How to do more and better research and get your life back:
Excerpt from The Productive Researcher
The one thing most researchers want is time; time to write up our latest work, and time to feel like we have a life. Surely, that’s not asking too much?
Fortunately for me, it appears that time is on my side. Something strange seems to happen to time when I work, and until recently, I was unable to explain it.
It was genuinely baffling. Journal articles, books and projects just seemed to happen. I had this really weird recurring argument with my most prolific co-author: “you have to be first author on this one”, I told her, “because I hardly wrote any of it”. She would reply that I had to be first author because she felt like she had hardly written anything either. Based on workload models, I had a full teaching allocation in every position I held until I took my current position a year ago. Yet, I have had time to run an international spin-out company, work as Research Lead for a conservation charity, run a podcast, blog and magazine, manage six Twitter accounts and advise the United Nations and governments around the world, based on my research. Over the last 18 months, I published 2 books, 14 peer-reviewed articles and submitted 15 six and seven figure grant proposals (four of which I have won so far, bringing in over £2M and externally funding over half my salary), whilst being Director of Engagement and Impact for my school, sitting on various university committees and working groups, and training more than 2000 researchers.

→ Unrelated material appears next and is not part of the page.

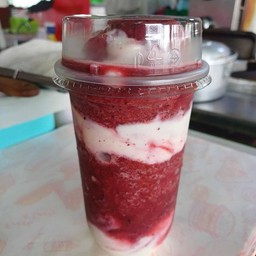 มิกซ์เบอร์รี่โยเกิร์ต Mixed Berry Yogurt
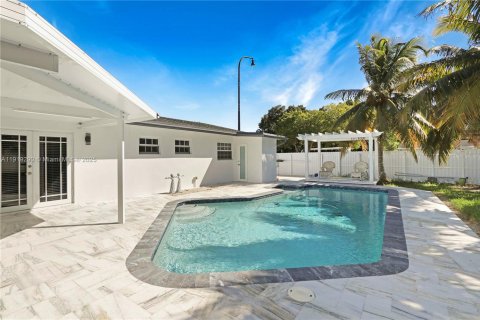 Снять в аренду виллу или дом в Майами, Флорида 3 спальни, 120.4м2, № 1974528 - фото 23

This has all happened without working weekends, or working beyond my contracted hours.
Maybe this is a British thing, but over the years this became increasingly embarrassing for me. There were three reasons for this. First, researchers who didn’t know how much I worked assumed that there must be something wrong with me; I must be a workaholic or on some kind of “spectrum”. I could see them pitying my wife and family, and feeling grateful that they had more “normal” lives.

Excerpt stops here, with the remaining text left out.